Ahead of the Propilot's launch in the US, details revealed about Nissan's Propilot features indicate that the all-electric Tesla Model 3, which is also geared for the mainstream sector, has driverless capabilities that are unequivocally more advanced than what Nissan's all-electric model offers.
In other words, the Leaf's Propilot arguably does not really compete again Tesla's Autopilot, even as a poor man's alternative.
In addition to Tesla models, the Propilot capabilities are also more limited than what Audi, Acura, and Mercedes have offered for a number of years in the traditional combustion-engine car sector.
The key limiting factor of the Nissan Leaf's Propilot is that the driver's hands must remain on the steering wheel at all times when the Leaf's Propilot is activated. The Leaf's Propilot controls the steering, acceleration, and braking, and is limited to certain single-lane highway conditions.
However, Nissan has also previously disclosed Propilot will offer self-driving for multi-lane highways in 2018 and will be available for use in certain cities in 2020.
Despite Propilot's limitations, Ponz Pandikuthira, vice president of product planning for Nissan Europe, said during a recent TEDxAthens that the Leaf and Qashqai SUV will offer "fully autonomous" driving on "public European roads" this year.

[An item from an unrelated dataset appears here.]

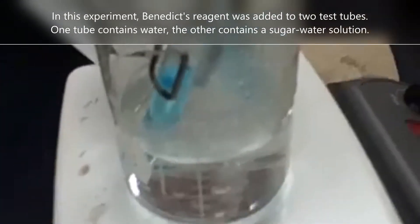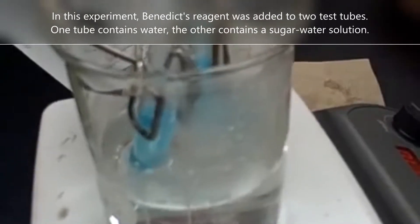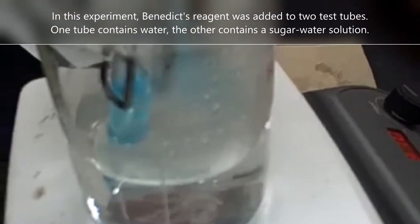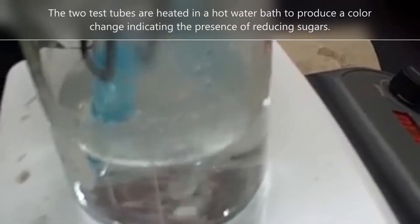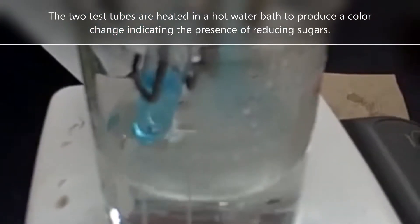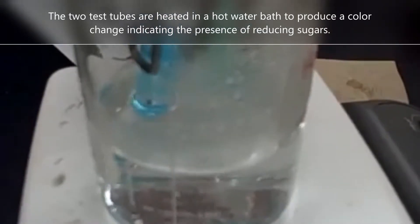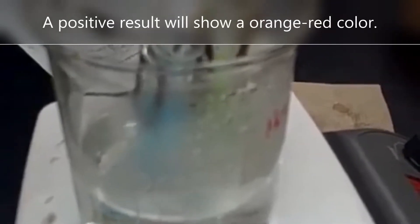We should, as it heats, start to see a color change for our positive test. Think of the positive test of this one. It's turning green. Okay, it has a little bit longer to go to really see the change. There it is.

Comparatively, the Tesla Model 3, as well as the Model S and X, offer Level 2 capabilities, meaning the driver is able to take their hands off the steering wheel during certain driving conditions on public roads and even streets at speeds of up to 90 mph (Nissan has not yet disclosed Propilot's maximum speed), but must be prepared to take back control at all times.
Autopilot updates have also recently improved Autosteer functionality and enabled driverless perpendicular parking in newer Tesla models.
Price-wise, the Tesla 3 MSRP is $35,000, plus $5,000 for Enhanced Autopilot features and $3,000 for "full self-driving capability," pending software updates, for a total price of $43,000.
Nissan has not yet announced pricing for the Propilot option, while the starting price of its Leaf is $30,680, less than $5,000 cheaper than the Model 3.
The main caveat in favor of the Leaf is that it has emerged as the best-selling electric vehicle (EV) worldwide, while the Model 3 will likely not be available for deliveries until the end of next year. By then, however, Tesla founder and CEO may hold true to his claims by offering Level 3 and even more advanced self-driving features in all of its models. In fact, he recently said during a TED talk that Tesla will offer Level 5 driving, meaning the car takes total control of driving from point A to point B with no intervention from the driver, in less than two years.
It's going to be an interesting ride.
Based on accident reports from the State of California Department of Motor Vehicles records, self-driven cars are already proving to be safer than human-driven cars are, even as driverless cars remain in the testing phase, according to a report in Axios. Among other things, the data reflects how self-drive cars do not do things that human often do that are the cause of thousands of deaths and injuries every year, including texting while driving, not yielding to stop signs and red lights, and other common human foibles.